Step 3：Pumping signal and its remained shock signal duration t are detected, if time t is less than Ty, goes to step 4；Otherwise it goes to step 7；

Step 4：Judge whether to reach maximum adjustment number, if so, going to step 5；Otherwise step 6 is gone to；

Step 5：Update N₂Even N₂=n₂, then go to step 7；

Step 6：Update Ty and N₂Even Ty=t, N₂=n₂, then change n in signal sequence SS in a predetermined manner₂Size Pass again to step 2；

Step 7：It will be by n₁Take predetermined value, n₂=N₂Identified signal sequence SS drives as selected ranging pumping signal and receives Hair integral type ultrasonic transducer generates formal ultrasonic measuring signal.

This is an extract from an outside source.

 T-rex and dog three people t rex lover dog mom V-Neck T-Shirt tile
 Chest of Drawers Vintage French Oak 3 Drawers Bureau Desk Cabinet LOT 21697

4. the supersonic sounding pumping signal method of adjustment according to claim 3 for reducing blind area, which is characterized in that the step In rapid 1, N₂=1.

5. the supersonic sounding pumping signal method of adjustment according to claim 3 for reducing blind area, which is characterized in that the step In rapid 1, n₁Predetermined value be 8,8.5,9,9.5,10,10.5,11,11.5,12,12.5,13,13.5,14,14.5,15, 15.5,16,16.5,17,17.5,18,18.5,19,19.5 or 20.

6. the supersonic sounding pumping signal method of adjustment according to claim 3 for reducing blind area, which is characterized in that the step In rapid 1, n₂Predetermined value be 1.

7. the supersonic sounding pumping signal method of adjustment according to claim 6 for reducing blind area, which is characterized in that the step In rapid 6, n₂Size according to the number being adjusted be followed successively by 1.5,2,2.5,3,3.5,4,4.5,5,5.5,6,6.5,7,7.5 or 8。